Maybe some of us do but do consumers miss them? Not really. For they have seen live videos from the event and read tweets and blogs even before reading about the product the next day in print. What’s more, it has created more bloggers, and that, to me, is a good thing. This signals that storytelling is back in vogue and big massive spends on the more traditional TV, print, radio, and outdoor media are not the only way to engage with consumers. Have a story to tell? Organise an interesting event offline, call in bloggers and consumers to come and share their experience with a hashtag across social media and you will have the reach that was a dream a few years ago with the same spends.
This also means that the offline world is merging with the virtual and that the brands that create synergy between their offline actions and their online presence across all digital assets will be the ones who shall truly create memorable brand assets that people shall engage with and remember. That reminds me of our own general elections just over a year ago. The battle was fought not just through speeches and advertising on TV and print — it was also fought on social media and Whatsapp. Those who leveraged the synergies between offline and online better truly captured the nation’s imagination.
Blending marketing, technology It is no surprise that the boundaries between the marketing and technology roles in companies are getting blurred.
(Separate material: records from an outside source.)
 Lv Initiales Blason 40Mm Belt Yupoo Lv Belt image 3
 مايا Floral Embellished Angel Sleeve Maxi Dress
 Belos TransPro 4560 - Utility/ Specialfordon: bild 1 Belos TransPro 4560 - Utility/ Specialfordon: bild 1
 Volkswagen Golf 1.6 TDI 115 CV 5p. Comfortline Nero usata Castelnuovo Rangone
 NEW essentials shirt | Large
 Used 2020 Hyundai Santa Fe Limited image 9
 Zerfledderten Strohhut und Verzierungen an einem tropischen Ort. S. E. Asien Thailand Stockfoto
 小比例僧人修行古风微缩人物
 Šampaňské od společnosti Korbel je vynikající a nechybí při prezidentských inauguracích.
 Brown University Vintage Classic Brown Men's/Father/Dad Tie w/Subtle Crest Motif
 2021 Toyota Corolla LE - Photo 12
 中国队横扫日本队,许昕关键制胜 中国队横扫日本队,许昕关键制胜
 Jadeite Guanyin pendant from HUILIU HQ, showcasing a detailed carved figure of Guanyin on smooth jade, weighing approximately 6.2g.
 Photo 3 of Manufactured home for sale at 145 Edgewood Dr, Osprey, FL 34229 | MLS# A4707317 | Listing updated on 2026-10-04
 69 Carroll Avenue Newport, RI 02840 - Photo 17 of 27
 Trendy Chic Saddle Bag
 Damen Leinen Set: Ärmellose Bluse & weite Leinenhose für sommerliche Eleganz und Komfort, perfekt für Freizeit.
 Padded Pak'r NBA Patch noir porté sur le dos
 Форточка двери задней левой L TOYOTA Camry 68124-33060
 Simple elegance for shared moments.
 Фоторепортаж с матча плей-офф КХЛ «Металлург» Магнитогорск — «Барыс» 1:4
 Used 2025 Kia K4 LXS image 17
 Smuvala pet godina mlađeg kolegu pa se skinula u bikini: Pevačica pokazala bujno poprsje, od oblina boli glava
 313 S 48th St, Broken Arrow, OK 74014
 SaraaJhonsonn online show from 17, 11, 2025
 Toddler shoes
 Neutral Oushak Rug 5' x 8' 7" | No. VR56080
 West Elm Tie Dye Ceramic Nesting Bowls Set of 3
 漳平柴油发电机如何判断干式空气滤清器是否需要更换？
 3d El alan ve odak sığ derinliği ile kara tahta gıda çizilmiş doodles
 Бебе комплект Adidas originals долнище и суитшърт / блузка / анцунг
Technology is the tool that marketers are feeding off and hence Chief Marketing Officers (including yours truly) are looking into new technology and data analytics a lot more than they ever did — a domain that seemed to belong solely to the CTO not too many years ago.
From a consumer perspective, is the CMO taking over or blending into a CTO? Probably. We are all busy exploring how to reach and engage consumers as well as make our sales teams more productive and efficient, and since mobile technology seems pervasive and most effective, it is no surprise that we are gravitating towards being part CMO and CTO, all at the same time. From creating the most consumer-friendly (and Google-friendly) websites to creating engaging digital assets, to evaluating CRM technologies to leveraging mobile field force management technology to implementing new analytics solutions, CMOs are doing it all. The technologies allow for more engagements and the analytics layer enables them to answer the CFO’s questions of productivity and ROIs better.
Marketers yet again are beginning to contribute to more than just advertising and marketing communication. They are innovating by leveraging consumer understanding and communication technology to create and tell stories and constantly evaluate them and retell stories better than last time and every single time thereafter. They are getting back in the saddle to drive change.
To me this is the rebirth of marketing.
Is it good for brands and for companies? Yes, it is. It allows smaller companies and brands to compete as a strong idea and even smaller brands can make it big today. While millions of dollars are good to have, you don’t need them that desperately to reach out to your customers. A compelling story, told in an engaging manner, will do the job. The only caution — stay alert, stay nimble and always ensure that the gap between brand promise and brand delivery is removed. I for one am happy that this is happening. Great brands are built on ideas and great marketers turn ideas into memorable stories that people remember.
The world of marketing truly is becoming for the people, of the people and by the people. The internet revolution driven via the mobile device is the harbinger of true democracy — for everything that we know of.